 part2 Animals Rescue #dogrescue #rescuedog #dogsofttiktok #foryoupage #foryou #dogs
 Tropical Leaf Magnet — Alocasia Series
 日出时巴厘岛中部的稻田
=-=-=-=-=
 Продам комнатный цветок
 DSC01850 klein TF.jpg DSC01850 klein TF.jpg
=-=-=-=-=
__WHAT TO PRODUCE__.
Your task for the entries above: copy exactly the span starting with the line with "Tropical Leaf Magnet — Alocasia Series" and going on through the line with "日出时巴厘岛中部的稻田", both lines included, and nothing else.

__SOLUTION TO THIS EXERCISE__.
 Tropical Leaf Magnet — Alocasia Series
 日出时巴厘岛中部的稻田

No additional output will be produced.